OpenAI Investigates DeepSeek for Potential Data Misuse

OpenAI is investigating whether DeepSeek, a Chinese AI startup, improperly used its data to train its AI models, sparking concerns about IP theft.

Feb 11, 2025

OpenAI Investigates DeepSeek for Potential Data Misuse

OpenAI is investigating whether DeepSeek, a Chinese AI startup, may have improperly used data from OpenAI's models to develop its own AI technologies. The investigation was prompted after DeepSeek unveiled a cost-effective large language model (LLM) that rivaled existing market offerings.

OpenAI suspects DeepSeek may have used a technique called "distillation," which involves training an LLM using data produced by another LLM. OpenAI's terms of service reportedly restrict this practice.

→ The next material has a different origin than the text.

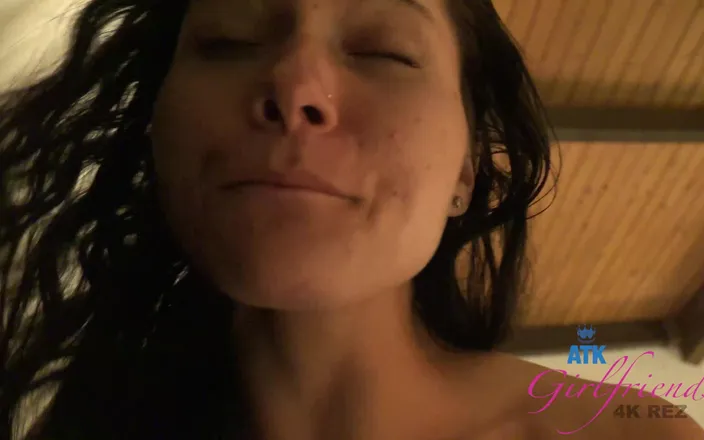 ATK Girlfriends: Zoey is being playful with her feet on cock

An OpenAI spokesperson stated that the company is "aware of and are examining signs that DeepSeek may have improperly distilled our models and will provide updates as we gather more information". OpenAI is taking "strong, proactive measures to safeguard our technology" and will collaborate with the U.S. government to protect its models.

Microsoft, a major investor in OpenAI, also detected unusual data extraction activity linked to DeepSeek. Security researchers observed individuals believed to be connected to DeepSeek transferring large volumes of data through OpenAI's application programming interface (API).

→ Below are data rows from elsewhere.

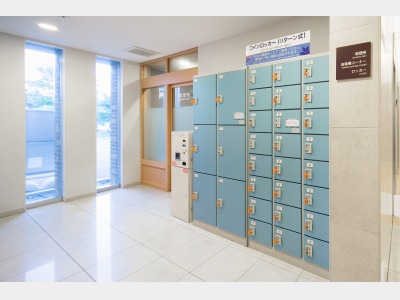 コインバック式ロッカーあり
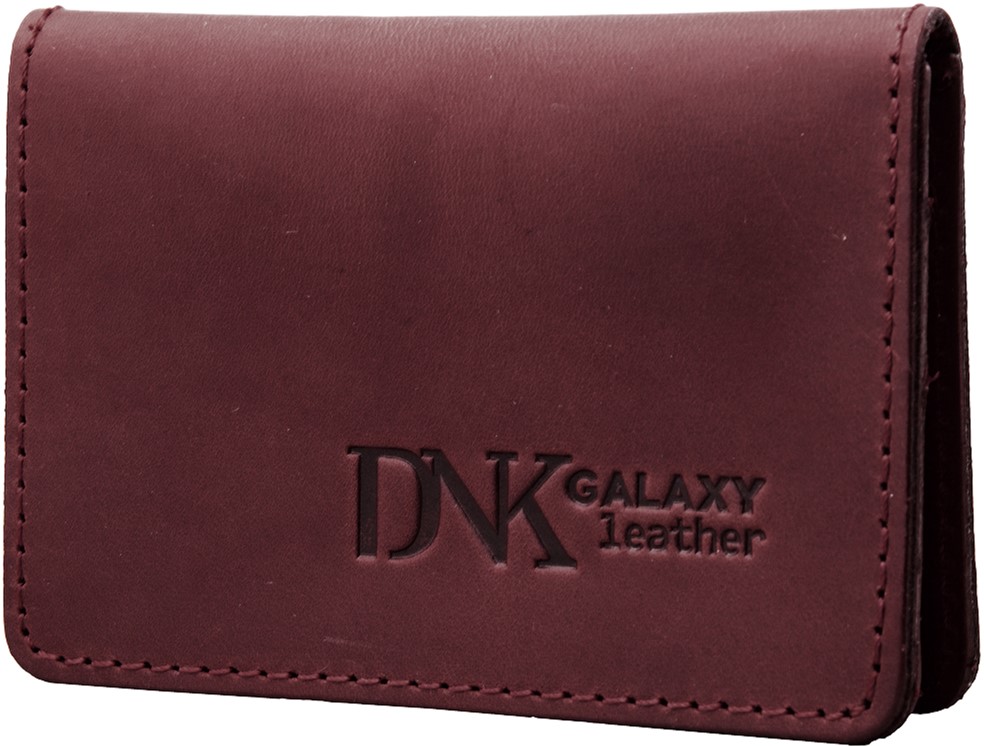 

Женская обложка для документов кожаная DNK Leather DNK-mini-oknoH-colL Бордовая (2900000088047)
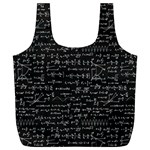 Math-equations-formulas-pattern Full Print Recycle Bag (XL) Front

DeepSeek has not yet responded to requests for comment. The company's recent release of its R1 reasoning model has challenged industry norms, delivering competitive performance at a lower cost.

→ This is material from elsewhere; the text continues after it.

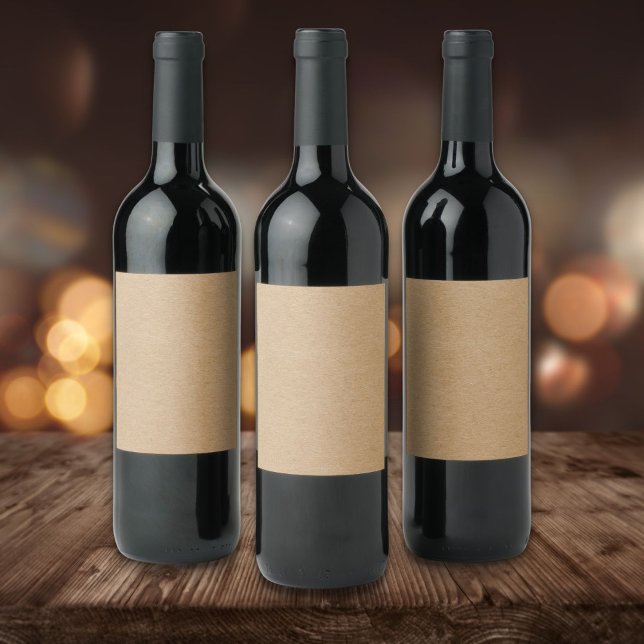 Simple Rustic Kraft Stylish Boho Wine Label (Creator Uploaded)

The investigation has raised concerns about data security and intellectual property protection. David Sacks, an AI advisor, believes there is "substantial evidence" that DeepSeek engaged in distillation from OpenAI.

This situation has also drawn the attention of U.S. officials. The Italian regulator has requested that DeepSeek disclose what personal data they collect, the sources of this information, and the legal basis for its processing.